[Short text fragments from websites]
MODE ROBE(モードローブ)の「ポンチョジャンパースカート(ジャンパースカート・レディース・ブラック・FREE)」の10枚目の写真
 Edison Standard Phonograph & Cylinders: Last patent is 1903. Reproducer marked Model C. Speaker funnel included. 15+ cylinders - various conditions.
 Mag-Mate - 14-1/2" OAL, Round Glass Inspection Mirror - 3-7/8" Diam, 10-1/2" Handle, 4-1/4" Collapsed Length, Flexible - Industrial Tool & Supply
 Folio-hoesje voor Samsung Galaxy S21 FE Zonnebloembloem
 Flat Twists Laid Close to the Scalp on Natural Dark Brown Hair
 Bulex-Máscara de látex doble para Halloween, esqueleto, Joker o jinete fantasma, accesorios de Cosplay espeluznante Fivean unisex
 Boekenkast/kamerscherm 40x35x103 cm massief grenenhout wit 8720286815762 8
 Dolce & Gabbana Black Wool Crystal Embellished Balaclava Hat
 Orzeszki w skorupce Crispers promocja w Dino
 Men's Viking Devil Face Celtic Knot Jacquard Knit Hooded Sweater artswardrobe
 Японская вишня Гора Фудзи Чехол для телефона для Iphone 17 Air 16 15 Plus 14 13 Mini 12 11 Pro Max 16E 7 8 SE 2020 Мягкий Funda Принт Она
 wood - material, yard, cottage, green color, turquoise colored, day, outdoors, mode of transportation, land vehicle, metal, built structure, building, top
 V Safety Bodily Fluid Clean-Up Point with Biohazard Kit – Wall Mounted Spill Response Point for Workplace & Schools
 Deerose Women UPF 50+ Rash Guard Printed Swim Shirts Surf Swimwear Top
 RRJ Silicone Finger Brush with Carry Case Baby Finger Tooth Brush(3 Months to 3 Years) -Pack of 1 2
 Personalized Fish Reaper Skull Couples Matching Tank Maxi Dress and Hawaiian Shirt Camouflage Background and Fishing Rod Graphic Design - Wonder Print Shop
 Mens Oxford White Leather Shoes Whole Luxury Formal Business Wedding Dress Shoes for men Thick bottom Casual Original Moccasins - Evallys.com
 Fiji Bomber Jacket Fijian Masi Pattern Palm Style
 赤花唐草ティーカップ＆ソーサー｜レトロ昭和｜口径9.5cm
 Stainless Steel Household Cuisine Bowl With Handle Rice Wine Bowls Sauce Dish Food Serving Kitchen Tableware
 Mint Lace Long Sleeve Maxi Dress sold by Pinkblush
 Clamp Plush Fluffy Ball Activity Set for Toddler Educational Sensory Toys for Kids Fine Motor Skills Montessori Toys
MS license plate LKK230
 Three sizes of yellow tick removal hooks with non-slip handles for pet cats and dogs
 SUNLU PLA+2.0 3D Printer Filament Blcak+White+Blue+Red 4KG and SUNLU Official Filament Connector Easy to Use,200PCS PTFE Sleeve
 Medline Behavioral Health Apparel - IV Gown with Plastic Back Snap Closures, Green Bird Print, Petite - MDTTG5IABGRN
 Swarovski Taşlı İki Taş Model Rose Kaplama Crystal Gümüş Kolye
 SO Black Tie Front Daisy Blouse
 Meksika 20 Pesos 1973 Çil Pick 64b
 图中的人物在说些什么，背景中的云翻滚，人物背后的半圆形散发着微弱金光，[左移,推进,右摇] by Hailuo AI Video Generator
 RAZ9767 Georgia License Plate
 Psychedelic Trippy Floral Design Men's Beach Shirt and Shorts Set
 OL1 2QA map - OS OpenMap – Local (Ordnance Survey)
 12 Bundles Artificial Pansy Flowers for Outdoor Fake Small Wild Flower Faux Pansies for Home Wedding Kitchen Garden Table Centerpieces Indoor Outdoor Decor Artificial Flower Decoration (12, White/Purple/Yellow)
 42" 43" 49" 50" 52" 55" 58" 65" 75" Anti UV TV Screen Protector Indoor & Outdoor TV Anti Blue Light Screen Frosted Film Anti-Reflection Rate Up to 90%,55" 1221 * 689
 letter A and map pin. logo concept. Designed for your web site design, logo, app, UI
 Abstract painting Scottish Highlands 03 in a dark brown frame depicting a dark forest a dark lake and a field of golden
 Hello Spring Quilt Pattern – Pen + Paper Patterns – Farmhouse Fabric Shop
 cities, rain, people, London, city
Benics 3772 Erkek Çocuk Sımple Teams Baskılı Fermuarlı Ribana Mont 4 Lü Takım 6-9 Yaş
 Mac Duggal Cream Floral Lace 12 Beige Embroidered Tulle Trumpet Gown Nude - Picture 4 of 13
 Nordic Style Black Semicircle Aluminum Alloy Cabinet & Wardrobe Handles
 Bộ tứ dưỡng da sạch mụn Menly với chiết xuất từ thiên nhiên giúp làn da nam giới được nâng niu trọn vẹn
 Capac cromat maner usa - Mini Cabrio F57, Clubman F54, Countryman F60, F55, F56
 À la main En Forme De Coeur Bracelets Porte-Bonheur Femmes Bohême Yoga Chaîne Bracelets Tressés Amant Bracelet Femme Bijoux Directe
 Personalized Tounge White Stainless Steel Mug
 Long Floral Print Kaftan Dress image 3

◆ **TASK TO COMPLETE**
The lines from the top of the data above down to the line containing "Orzeszki w skorupce Crispers promocja w Dino" are to be copied exactly; no other line should appear.

◆ **WORKED SOLUTION**
MODE ROBE(モードローブ)の「ポンチョジャンパースカート(ジャンパースカート・レディース・ブラック・FREE)」の10枚目の写真
 Edison Standard Phonograph & Cylinders: Last patent is 1903. Reproducer marked Model C. Speaker funnel included. 15+ cylinders - various conditions.
 Mag-Mate - 14-1/2" OAL, Round Glass Inspection Mirror - 3-7/8" Diam, 10-1/2" Handle, 4-1/4" Collapsed Length, Flexible - Industrial Tool & Supply
 Folio-hoesje voor Samsung Galaxy S21 FE Zonnebloembloem
 Flat Twists Laid Close to the Scalp on Natural Dark Brown Hair
 Bulex-Máscara de látex doble para Halloween, esqueleto, Joker o jinete fantasma, accesorios de Cosplay espeluznante Fivean unisex
 Boekenkast/kamerscherm 40x35x103 cm massief grenenhout wit 8720286815762 8
 Dolce & Gabbana Black Wool Crystal Embellished Balaclava Hat
 Orzeszki w skorupce Crispers promocja w Dino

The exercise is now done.